Выход в том, чтобы снова обратиться к прошлому, к первым дням войны и всему, что ей предшествовало. «Пройти» эти годы еще раз, если не для читателя, то для себя.
Такую возможность сулила работа, связанная с расшифровкой военных дневников. Эта мысль засела в голове в конце 1965 года, после того, как он намыкался по журналам и по издательствам со своим докладом, сделанным в канун двадцатилетия Победы. Слушали, аплодировали, восторгались, жали руку, обнимали, печатать же не дают. А это, может быть, и есть то, чего не хватает читателю в его романах. Та страшная правда, которую ему удалось, кажется, выразить в публицистической форме, но которая еще не дается ему в руки в романной. Значит, надо подождать. Дать заговорить документам.
Чертыхнувшись после очередной и окончательной неудачи с публикацией доклада, он сказал себе весело и зло: не хотят печатать двадцать пять страниц, будут иметь дело с пятьюдесятью печатными листами дневников.
Когда он извлек из архивной пыли первые свои блокноты и тетради, прочитал их и продиктовал заново Нине Павловне, прокомментировал и отнес в «Новый мир», история повторилась. Только теперь вместе с ним чертыхаться пришлось и Твардовскому. Его, К.М. «Стадиям», посвященным первым, самым страшным месяцам войны, суждено было пролежать в редакционном портфеле журнала по крайней мере десять раз по сто дней. Были гранки, была верстка, были письменные и устные рецензии историков, ветеранов войны, полководцев, не хватало пустяка — визы Главлита. Тихий, скромный, интеллигентный человек, который сидел в таком же скромном и тихом кабинете в «Новом мире» — уполномоченный этого самого Главлита, разводил руками и отсылал в Китайский проезд, штаб-квартиру, где восседала уже целая гирлянда таких человеков, которые сами тоже ничего не решали и все кивали куда-то наверх. Наверху, то есть в самом главном кабинете этого учреждения, призванного хранить государственные и иные тайны от их проникновения в печать, царил Романов Павел Константинович. Паша, как позволяли себе называть его старые друзья, среди которых сам главный цензор, как ни странно, числил и его, Симонова. При встречах всегда называл Костей, крепко обнимал и целовал взасос. К чести Паши, обладавшего прямоугольной, в виде параллелепипеда, головой короткой в тугих кольцах стрижкой римского императора, глазами навыкат и громоподобным голосом, было то, что он никогда никого никуда не отсылал, а все решал сам, т.е. убеждал, что надо подождать, уверял, что сейчас не время и что вообще-то, честно говоря, не то ты, Костя, задумал, не то сейчас нужно...
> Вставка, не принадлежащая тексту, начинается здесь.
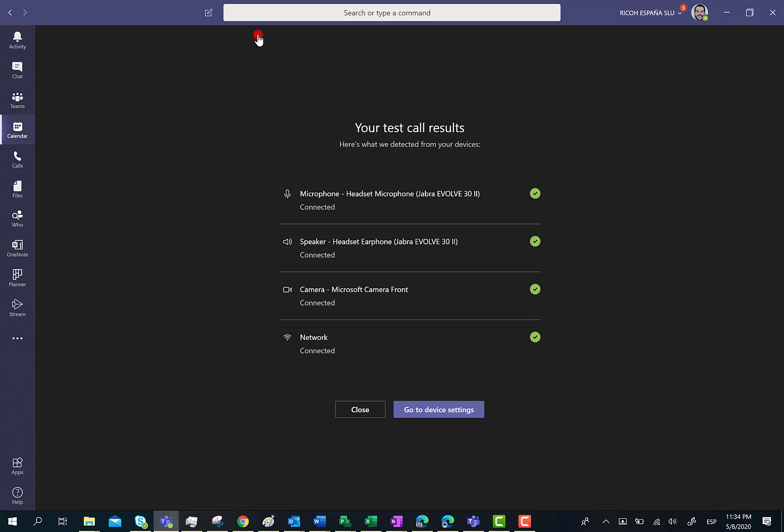Something could be wrong with the camera or, in the worst situation, something might not be fine with my network. As you can see here, everything is fine, so I don't need to go to the device settings.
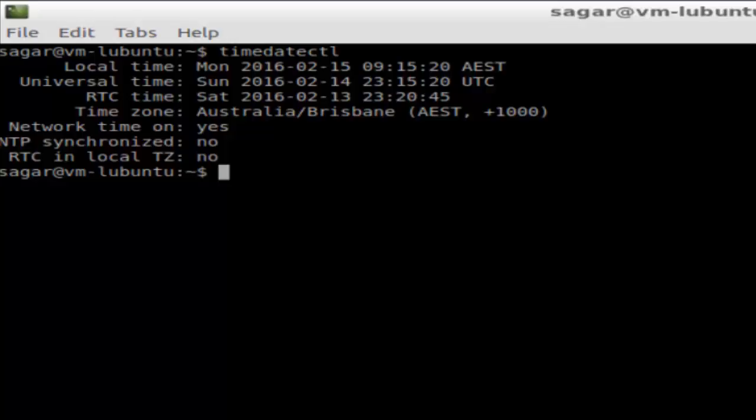Right now my system is set to the timezone Australia/Brisbane. That's how you can view your current timezone in Linux. If you like this video, hit the like button. Thank you.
В эту же пору и, по иронии судьбы, тоже с Романовым, только на этот раз сидящим в Госкино, завязался другой узелок — с фильмом, который он, К.М., затеял вместе с режиссером Ордынским и старым, по фронтовой корреспондентской жизни, знакомцем — журналистом и прозаиком Евгением Воробьевым.
Снимали ленту о битве под Москвой, по сути о тех же событиях, что и его «Сто дней». Замысел настоян был, естественно, на тех же его идеях и представлениях, которые Ордынский и Воробьев полностью разделяли. Сделали фильм как полудокументальный, полуигровой и посвятили приближавшемуся двадцатипятилетию великой битвы, что, по соображениям авторов, могло бы служить ему чем-то вроде пропуска на экран. Не тут-то было. На пути фильма возникли те же препятствия, что и с дневниками.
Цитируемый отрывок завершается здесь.